Ellis Island – Kate Kerrigan

Ellie and John were childhood friends, sweethearts, lovers and eventually man and wife. They were destined to be together, even though Ellie’s parents disapproved of John. Disapproved of his upbringing his religion and his whole manner, and when Ellie is sent to boarding school and John goes to Dublin to work as a carpenter’s apprentice there is hope that any childhood infatuations are forgotten.

But their love is much stronger. It is strong enough to survive the famine and poverty of Ireland in the early twentieth century. It can even survive John’s fight in the war of independence but will it survive his injury? Ellie decided that as money is the only way to help them survive, now John is injured she will have to be the one who goes out and gets it. Through an old school friend Ellie ends up in New York and all it has to offer. Promising to work for a year and send the money home so John can have an operation.

In New York, despite sending money home, Ellie finds another life open for her. There is opportunity, wealth, fortune, better living conditions in fact everything is a dream. The American Dream, sold on the idea, Ellie wants to bring her husband over as well. But he is truly in love with his home land and whatever the offer is he will not come. Ellie’s one year turns into more and she only comes home when her father dies.  Now where do her dreams belong?

The book split into three parts also is spilt in the way the characters and descriptions are portrayed. Somehow Kerrigan creates the buzz and excitement of New York and this jumped off the page for me, and I could see that Ellie belonged and she wanted to make a future. In the parts set back in Ireland, somehow through the writing we were transported back to the times of bleak hardship. Ellie did belong there by her ancestry but there was something else. A determination to do what she wanted without certain constraints, but does she achieve it?

I really enjoyed this book, and I was not sure where it was going and how it would have ended up for all the characters, both those in American and in Ireland. Although the republican fight was dealt with, I felt it was dealt with in depth enough to impact the reader to the importance of what John was fighting for but also what Ellie was doing to help the cause.  A book full of freedoms and reflecting on recognising when they come along and should be embraced.

I find some reviews difficult because I want to mention more about the certain elements of the book in more depth but to do so would give away more of the plot, and then someone else might not discover the book at all or just pass it by because of my witterings. I mention this because this book made me think more about freedom, which is at the heart of the book in some ways. 

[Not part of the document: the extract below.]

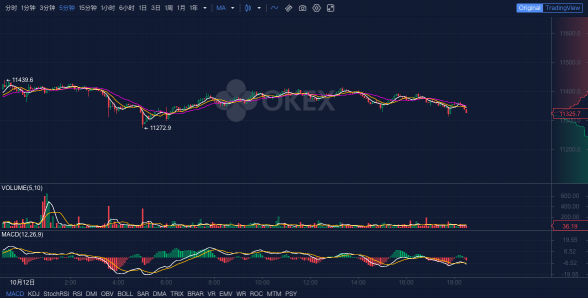 OKEx晚报：Filecoin网络完成重要升级，区块奖励减少为10.5个FIL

Freedom for Ellie to find herself; to be something not just someone’s wife. New York provides her that freedom and also the freedom of choice of destiny. Ironically she ends back in Ireland but she has learnt something whilst being away and we see that develop when she wants to do something other than being a wife. 

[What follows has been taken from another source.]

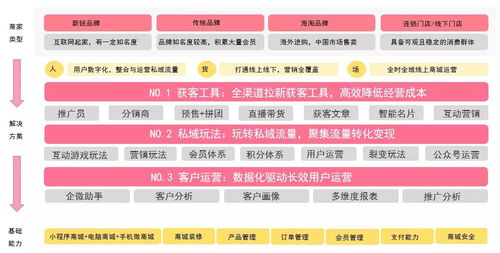 化妝品行業(yè)組合解決方案 北京企業(yè)網(wǎng)站開發(fā)與運(yùn)營策略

John is fighting for freedom. To be separated from home rule. My history shamefully is very woolly about this, and sadly the book did nothing to correct that. John is offered more freedom in going to America but chooses to stay with the freedom he has fought for, despite it being harder work. Does he do this as penance for the freedom their country has now got? 

Freedom effects other minor characters throughout the book. Ellie’s mother has another type of freedom when her husband dies and she us understood some more. Sheila, Ellie’s school friend seeks the freedom from working and being a servant, and wants the freedom of being married and doing nothing and having the servants! Isobel who Ellie briefly works for lives her married life freely with a bottle, free from her husband who is never there and free to do as she pleases and with who. Is this free love?

In some ways the title is the title of freedom Ellis Island. The book actually does not concentrate much on this part of the passage into America. More I think would have been much more interesting. This was the gateway to many Irish born individuals seeking a better life. The book only touches on the rather the process you had to go through before you could even enter America. 

From reading other reviews on this book, everyone keeps recommending Brooklyn by Colm Toibin as a better example of Irish immigration and America. Have any of you read it? Do you agree? Have you read Ellis Island?